I have tried all sorts of systems. I hate the ratchet style for high tensile wire. That wire is too stiff to work well with the ratchets so it is a PITA to hook it up. I find simple gripples with the tensioning tool is all that is needed. The gripples cost a buck and that is all that is needed besides the tool, which at about $100 isn't cheap. You can improvise other ways of pulling the wire tight with the gripples, but the tension tool works best.


----------



## Brew and Wine Supply (Apr 15, 2012)

grapeman said:


> I have tried all sorts of systems. I hate the ratchet style for high tensile wire. That wire is too stiff to work well with the ratchets so it is a PITA to hook it up. I find simple gripples with the tensioning tool is all that is needed. The gripples cost a buck and that is all that is needed besides the tool, which at about $100 isn't cheap. You can improvise other ways of pulling the wire tight with the gripples, but the tension tool works best.


 

That what I use...

A little more expensive up front but easy to work with.
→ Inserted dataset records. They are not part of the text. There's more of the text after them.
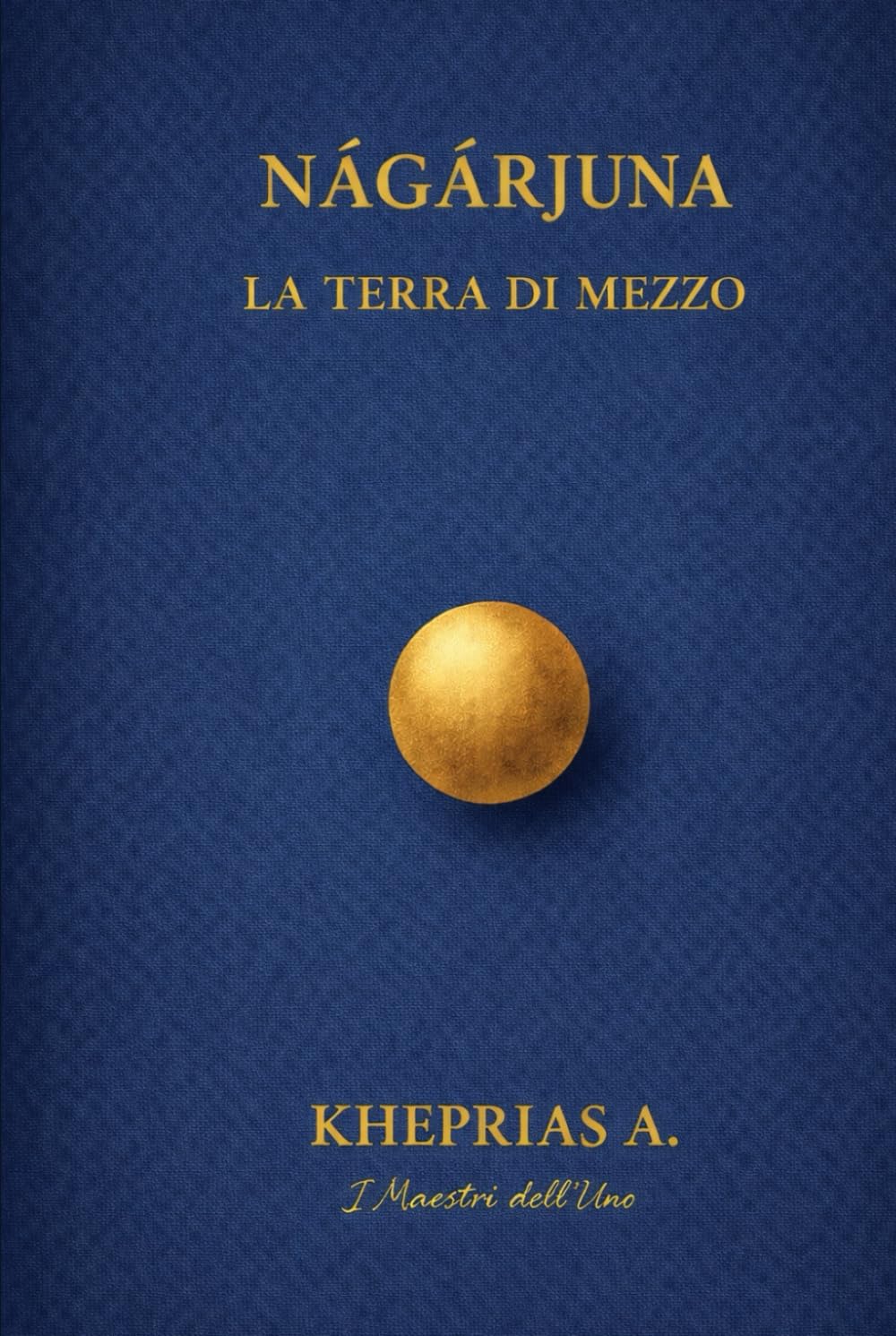 Ārya Nāgārjuna I Maestri dell’Uno: La Terra di Mezzo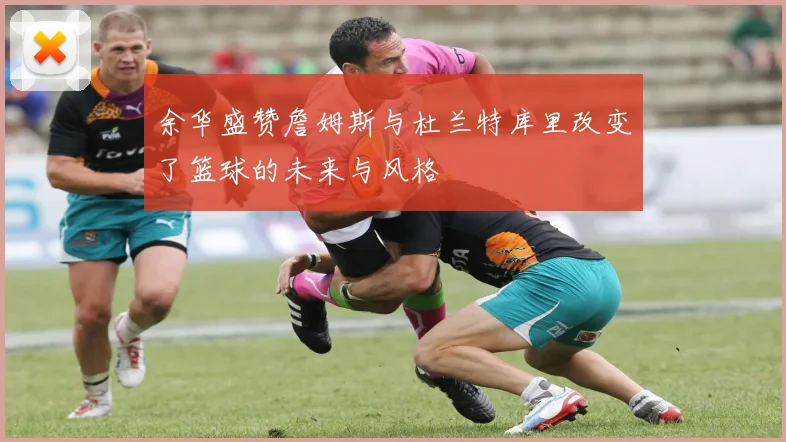 余华盛赞詹姆斯与杜兰特库里改变了篮球的未来与风格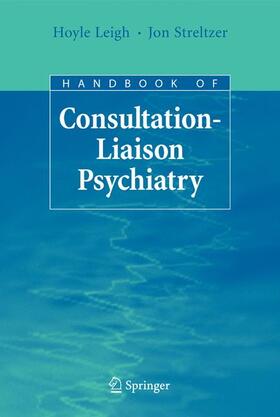 Leigh / Streltzer | Handbook of Consultation-Liaison Psychiatry | Buch | 978-0-387-69253-1 | sack.de
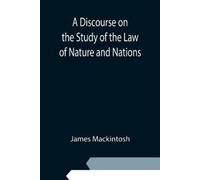 James Mackintos A Discourse on the Study of the Law of Nature and Na (Tascabile)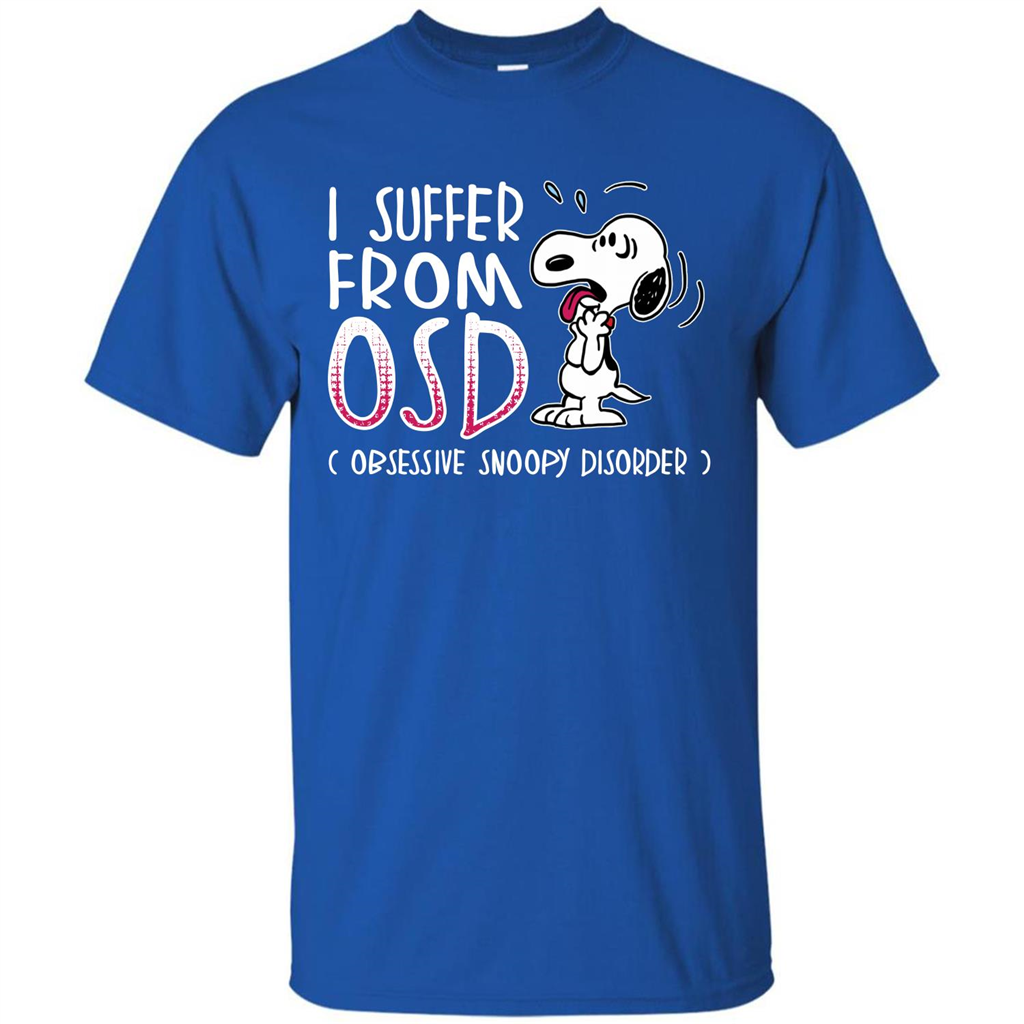 Snoopy T-shirt I Suffer From OSD Obsessive Snoopy Disorder Royal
http://www.gripple.com/products/catalogue/agricultural/products/


----------



## Randoneur (Apr 15, 2012)

grapeman said:


> I have tried all sorts of systems. I hate the ratchet style for high tensile wire. That wire is too stiff to work well with the ratchets so it is a PITA to hook it up. I find simple gripples with the tensioning tool is all that is needed. The gripples cost a buck and that is all that is needed besides the tool, which at about $100 isn't cheap. You can improvise other ways of pulling the wire tight with the gripples, but the tension tool works best.



Gripples are the better option. You can quickly retension the wires as needed. I also use them on the end post anchor wires


----------



## Mark64 (Apr 15, 2012)

This is what I used with stainless steel welding wire. At Lowes about $.69 each and you have about 4-5 In. adjustment. After you tighten them sounds like a guitar string. LOL


----------



## JohnnyRico (Apr 17, 2012)

Mark64 said:


> This is what I used with stainless steel welding wire. At Lowes about $.69 each and you have about 4-5 In. adjustment. After you tighten them sounds like a guitar string. LOL


 
Very cool.. wonder if you could tune it.


----------



## grapeman (Apr 17, 2012)

Stay tuned for results!


----------



## JohnnyRico (Apr 17, 2012)

grapeman said:


> Stay tuned for results!


 
Good one.


----------



## Mark64 (Apr 17, 2012)

grapeman said:


> Stay tuned for results!



That was a good one,,LOL

Yes, it can be tuned to any note you want. One thing for sure I will never have to replace rusted wire. Maybe no grapes but wire will be there.


----------



## FTC Wines (Apr 17, 2012)

After these hard FROSTS no one may have grapes, OMG what's wine going to cost! May have to make some HOME MADE! Roy


----------



## donaltman3 (Apr 17, 2012)

interesting.. in all my grape growing adventures.. I've never had this problem.

I usually make my ends using 10 foot of telephone poles I sink them into the ground about 5 foot or so .... I've used anything from aircraft cable to outdoor insulated electrical wire for my vines... the wire is easy I just wrap it around the pole a time or two pull it semi tight and pop a u shaped nail into the telephone pole.. Im sure a few of my runs are not really tight but I've never known any problems from it ?!?


----------